Gefährlicher Top-Räuber seiner Zeit?
„Gastornis lebte, nachdem die Dinosaurier ausgestorben waren und damit in einer Zeit, als die Säugetiere noch relativ klein waren. Daher nahm man an, die massigen Vögel wären die Top-Räuber ihre Zeit gewesen“, sagt Thomas Tütken von der Universität Bonn. Doch es gab bereits Zweifel am aggressiven Image von Gastornis: US-Paläontologen hatten Fußabdrücke des amerikanischer Vertreters entdeckt, die keine Spuren von scharfen Krallen zeigten, wie es für einen Raubvogel zu erwarten gewesen wäre.
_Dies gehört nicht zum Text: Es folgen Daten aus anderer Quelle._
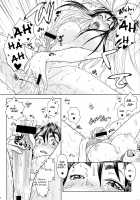 Estrus [Osuzu Akiomi] [Birdy The Mighty] Thumbnail Page 16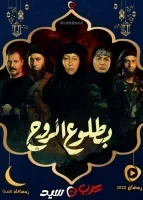 بطلوع الروح الحلقة 9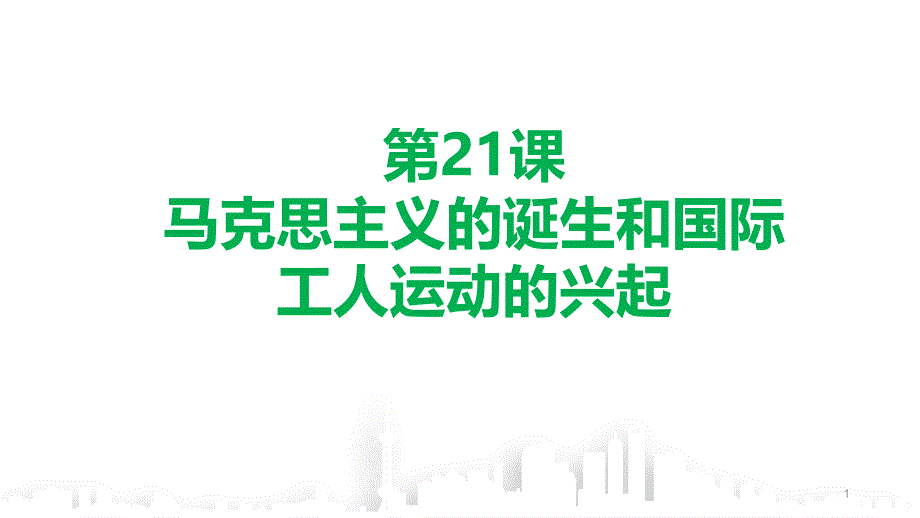 人民版历史《马克思主义的诞生》专家ppt课件_第1页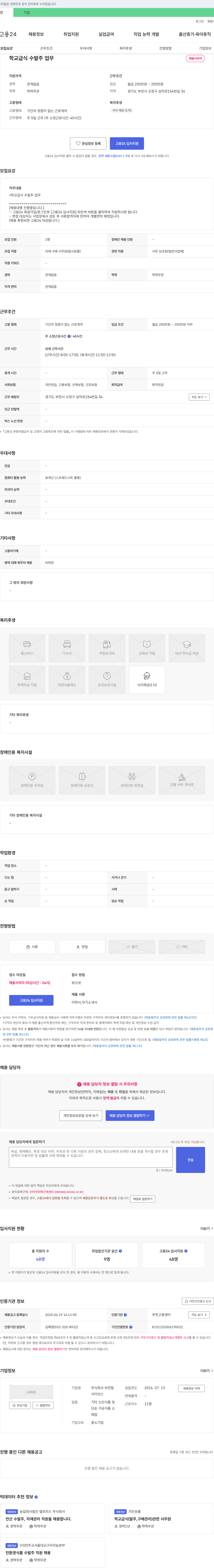 부천밀 학교 급식 수발주 업무 채용 채용공고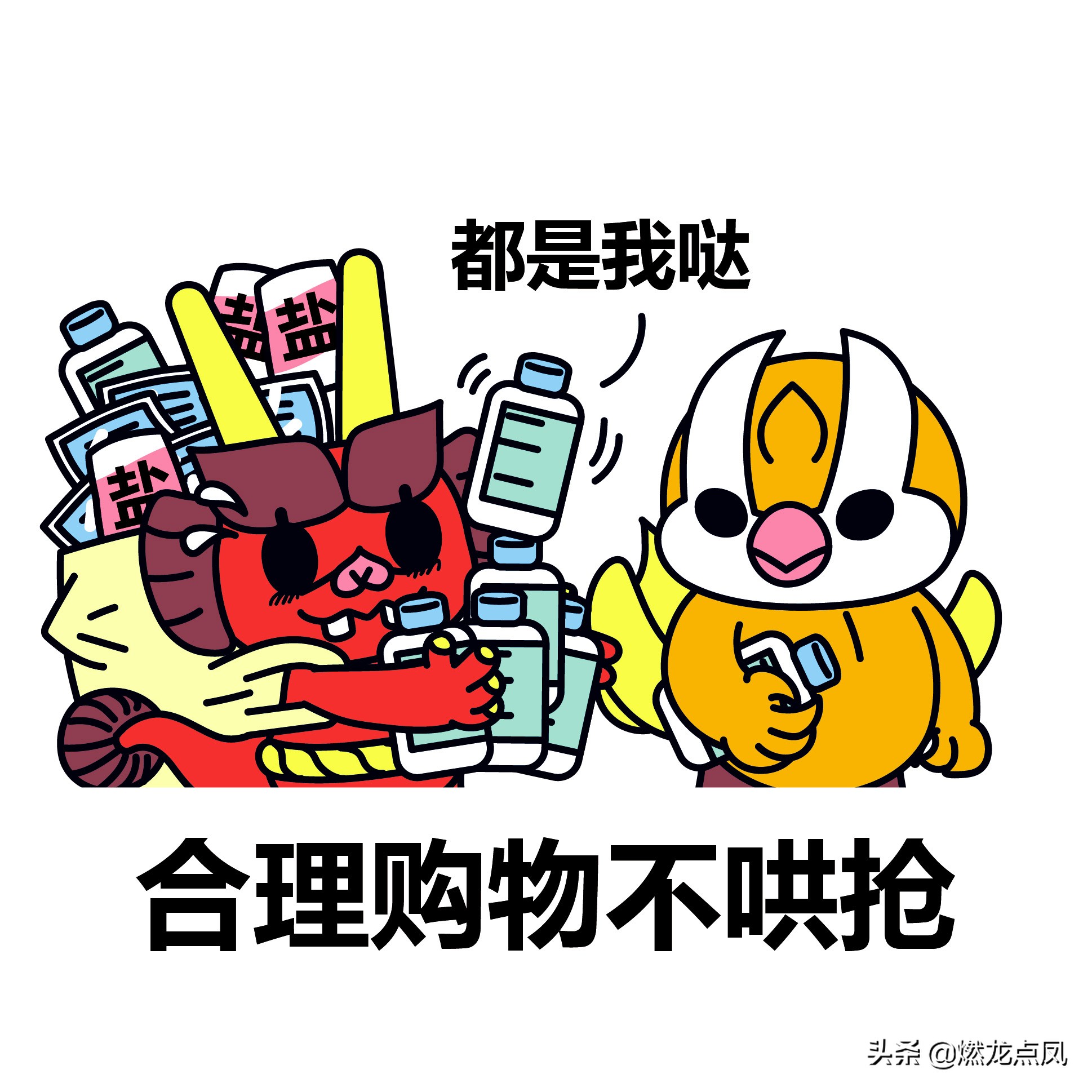 抗疫情创意作品中班,抗疫情作品创意说明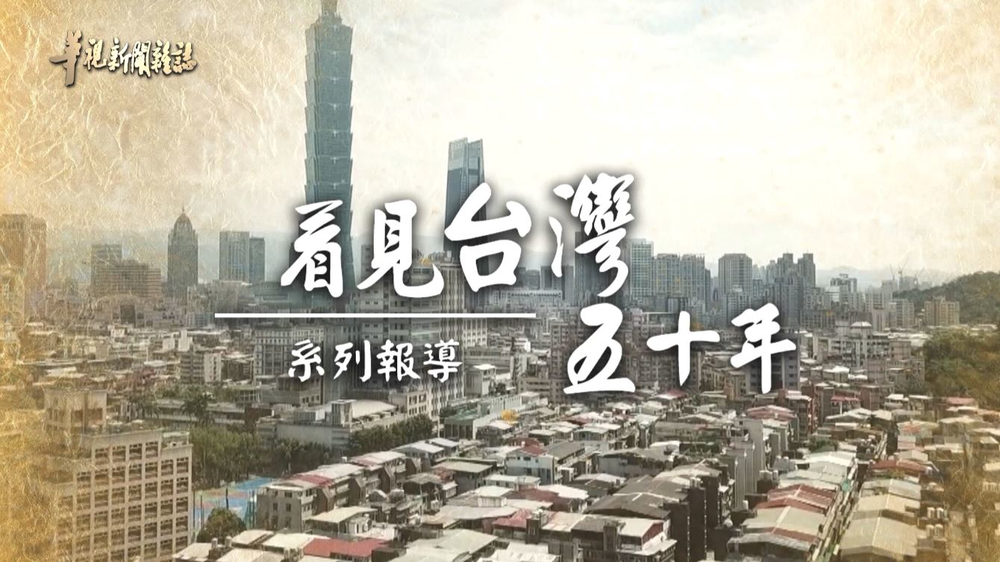 奮力拚搏 島嶼的榮光 ｜看見台灣五十年｜華視新聞雜誌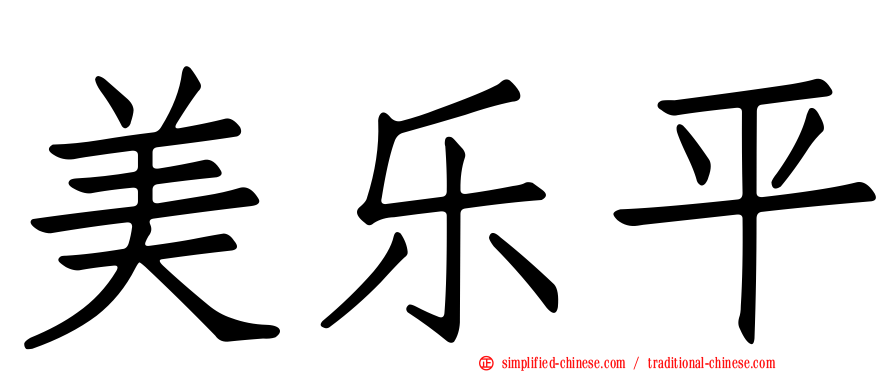美乐平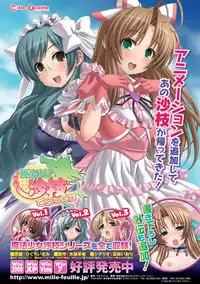 [Anthology] Mahou Shoujo Sae Anthology Best Selection Vol.1 [Digital]
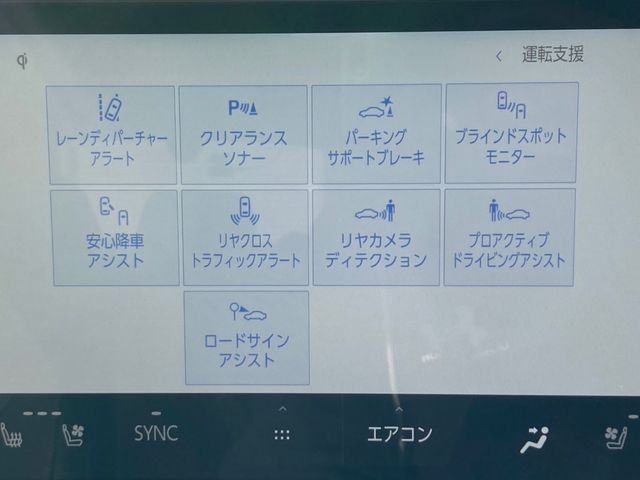 TOYOTA LEXUS NX350H AWD 2023 Image 31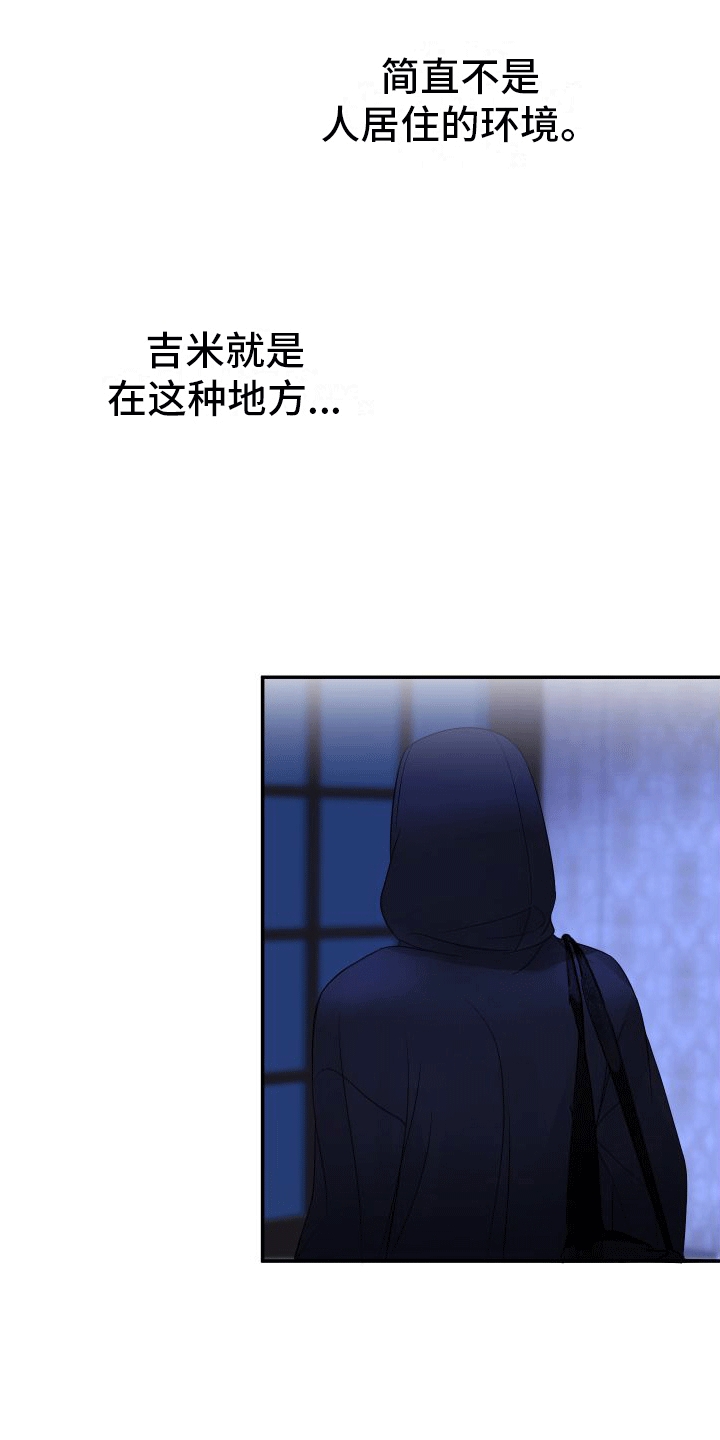 向死而生漫画,第4话1图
Außerdem hielten einige Wissenschaftler die Fleischfresser-Theorie generell für fragwürdig, da nicht plausibel erschien, wie ein so massives Tier schnell genug gewesen wäre, flinken Säugetieren erfolgreich nachzustellen. Tütken und seine Kollegen scheinen die Debatte allerdings nun endgültig zu beenden: Sie präsentierten das bisher stärkste Argument gegen die Fleischfresser-Theorie auf der Goldschmidt-Konferenz in Florenz.
Ihre Schlüsse basieren auf chemischen Analysen von Proben fossiler Knochen von Gastornis, die aus dem Geiseltal in Sachsen-Anhalt stammen. Denn die Verteilung der Kalzium-Isotope in versteinerten Knochen kann Hinweise darauf liefern, ob sich ein Lebewesen von tierischer oder pflanzlicher Kost ernährt hat: Je höher in der Nahrungskette das Gefressene steht, desto mehr leichtere Kalzium-Isotope enthält es. Diese Isotopenverteilung wird dann in Knochen und Zähnen des Fressenden eingelagert und bleibt damit als Spiegel seiner Ernährungsweise auch über die Jahrmillionen erhalten.
Gemüse statt Fleisch
Die Forscher analysierten für ihre Studie zunächst Fossilien von eindeutig entweder nur Pflanzen oder nur Fleisch fressenden Dinosauriern und Säugetieren und widmeten sich dann erst der Untersuchung der prominenten Riesenvögel. Das Ergebnis: Die Kalzium-Isotopen in den Gastornis- Knochen ähneln eher denen der pflanzenfressenden Säugetiere und Dinosaurier als denen der Fleischfresser. Das deutet nicht gerade darauf hin, dass dieser „Terrorvogel“ ein gefürchteter Jäger war.
Bevor die Debatte allerdings nun endgültig beendet wird, wollen die Forscher ihre Daten noch einmal mit Knochenanalysen anderer Tiere vergleichen, die von der gleichen Fundstätte stammen wie die Gastornis-Fossilien. Dadurch wollen sie ausschließen, dass das Profil der Kalzium-Isotopenzusammensetzung eine Folge der Lagerstätte ist. Sie sind sich allerdings jetzt schon recht sicher: Gastornis rammte seinen Riesenschnabel eher nicht ins Genick früher Säuger, sondern zerquetschte damit nur Pflanzenkost.